Latest revision as of 15:21, 4 October 2017


Ingredients:

  • 1/2 cup fresh ginger (see Tips below) (125 ml)
  • 1 1/2 cups water (375 ml)
  • 1 1/4 cups sugar (310 ml)
  • 1/2 tsp cream of tartar (2 ml)
  • 1 pinch yeast

Directions:

  1. Purée ginger with a little of the water in a food processor or blender. (Don’t bother peeling the ginger first.) Transfer to a medium pan with remaining water and sugar and bring to a boil, stirring until sugar dissolves. Cover and let cool.
  2. Strain mixture through a fine-mesh strainer. Using a funnel, pour liquid into a 2-litre plastic soft drink bottle.
  3. Add cream of tartar and yeast, then pour in more room-temperature water to fill bottle, leaving a gap of about 2″ (5 cm) at the top.
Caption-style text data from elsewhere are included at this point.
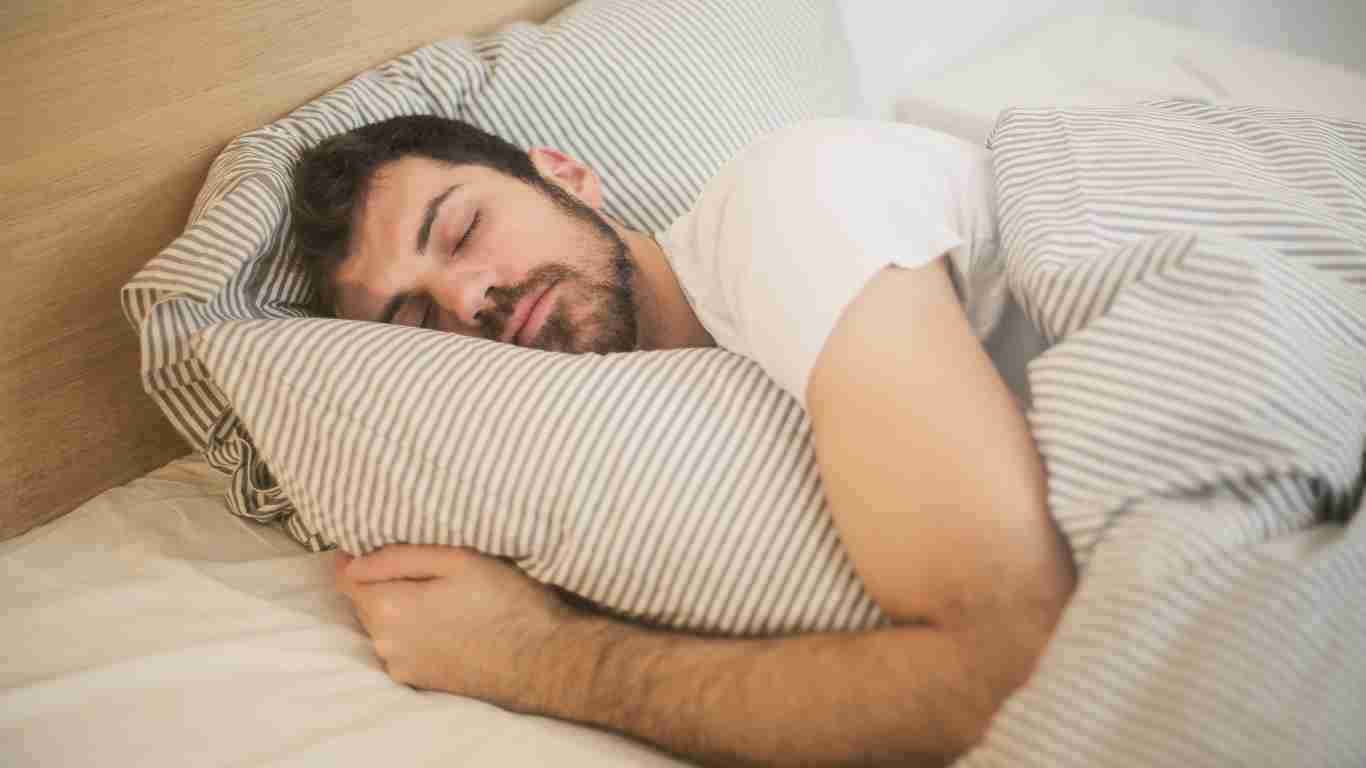 A man fast asleep in a comfortable bed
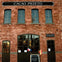 A brick building with arched windows and doors, the sign "Cacao Prieto" above. Two small flags and a chalkboard are outside.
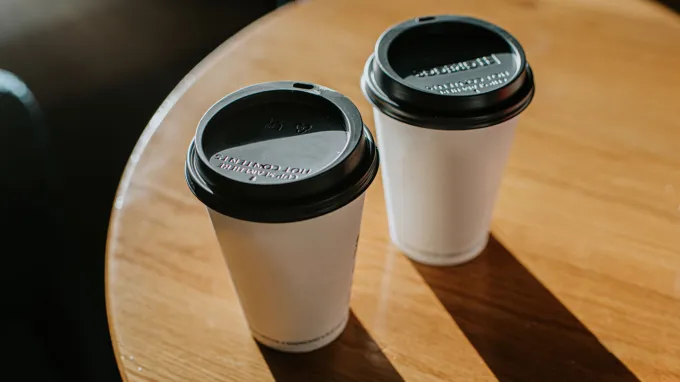 Two cups of takeout coffee or tea sit on a table.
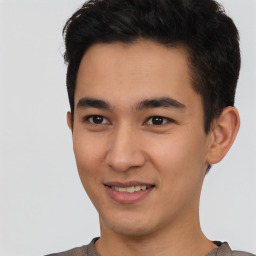 Joyful latino young-adult male with short  brown hair and brown eyes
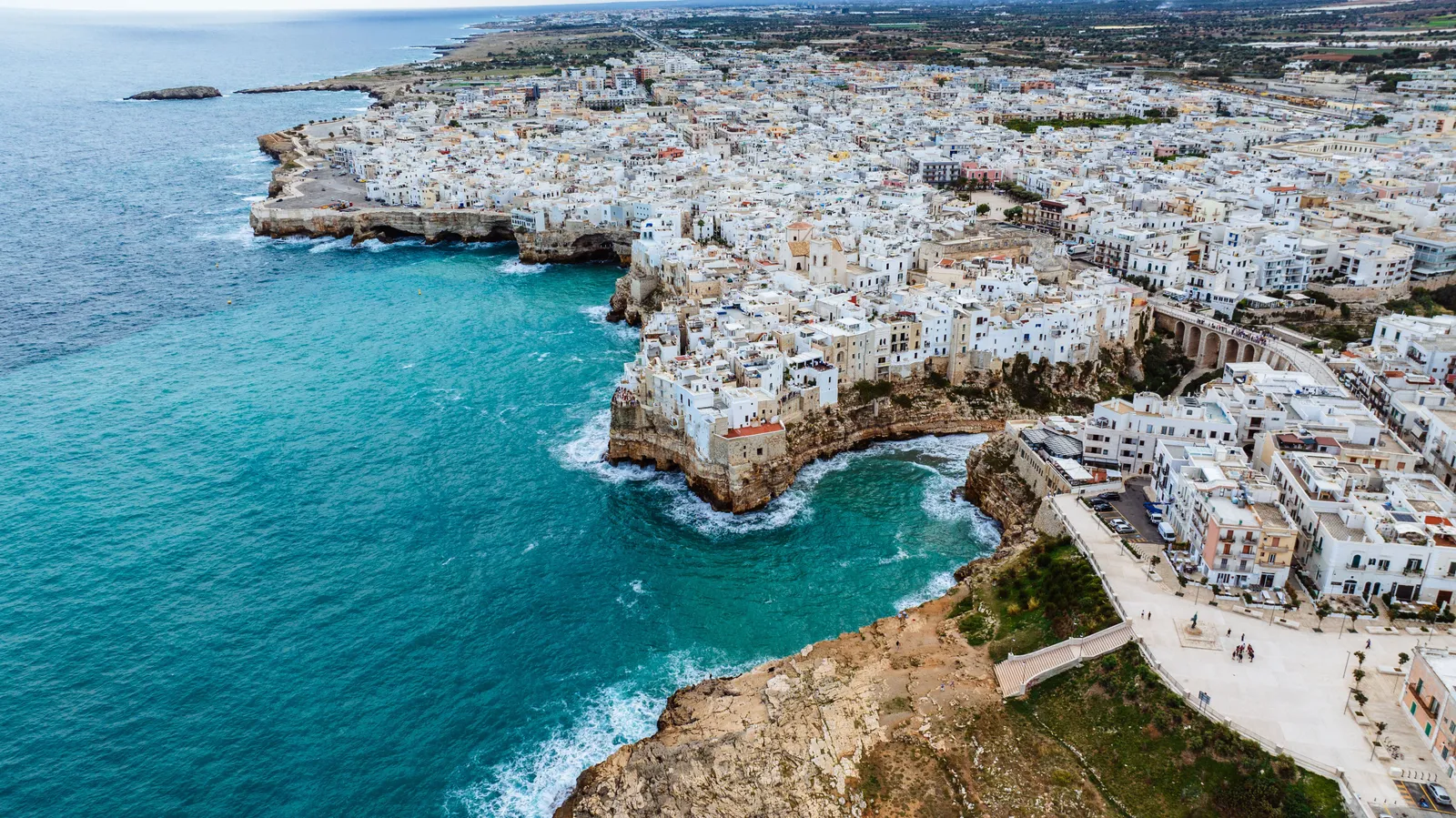 White houses on a cliff above turquoise sea at Polignano a Mare in Puglia, Italy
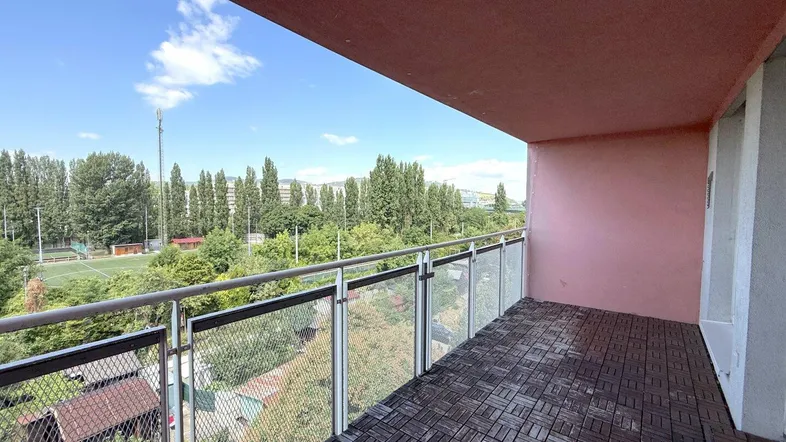 Geräumiger Balkon mit Holzbodenfliesen und weitem Blick ins Grüne sowie auf einen Sportplatz.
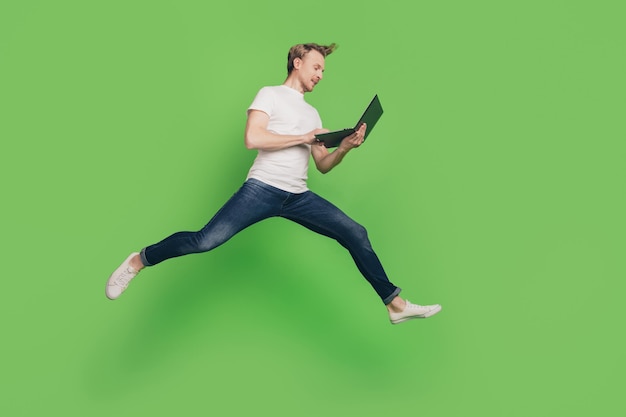 Profile photo of positive man hold computer jump run texting email wear white t-shirt on green color background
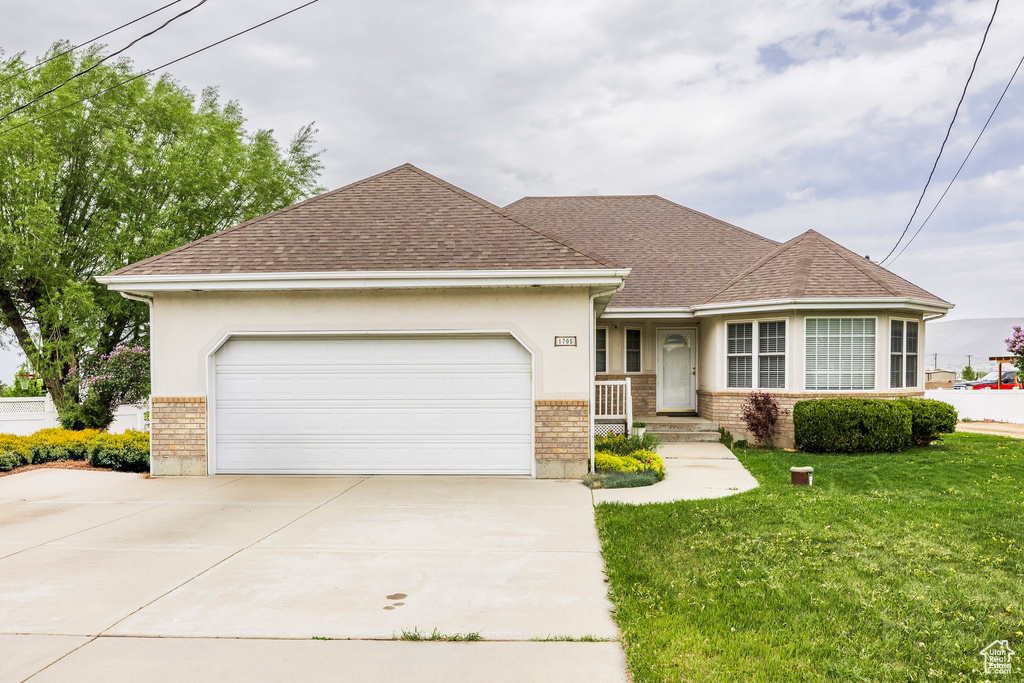 View of front facade with brick siding, concrete driveway, a shingled roof, a garage, and a front lawn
Cap the bottle tightly and place in a warm spot.
  4. Squeeze the bottle every 8 hours or so. At first, the bottle will be soft, but after 1-2 days the bottle will become hard and rigid. When it does, crack open the cap to release some pressure. Reseal, refrigerate, and serve cold.

Tips:

  • You can just estimate the amount of ginger, but it’s worth measuring accurately–then you can be more consistent when you adjust it to taste in your next bottle. To measure fresh ginger precisely, use the displacement method: Fill a 1 cup (250 ml) measure with 1/2 cup (125 ml) water, then add ginger until the water reaches the 1-cup (250-ml) level. Eureka!
  • Instead of straining the ginger-sugar mixture directly into the pop bottle, it’s a lot easier to strain it into a bowl, and then pour from the bowl into the bottle. It’s just too fiddly and slow to strain and funnel into the bottle in one step. (Voice of experience.)
  • Brewer’s yeast or ordinary baking yeast works well. Don’t use nutritional yeast flakes; they’re inactive.
  • The sediment in the bottle is mostly bits of puréed ginger and yeast. It’s not harmful, but as with wine, just pour carefully so it stays in the bottle.

Variations: Lime Ginger Beer

  • Add the zest of 1 lime to the ginger-sugar mixture before heating. Replace the cream of tartar with the juice of 1/2 a lime in Step 3.

Spiced Ginger Beer

  • Add 5 whole cloves and 1/2 tsp (2 ml) grated nutmeg to the ginger-sugar mixture before heating.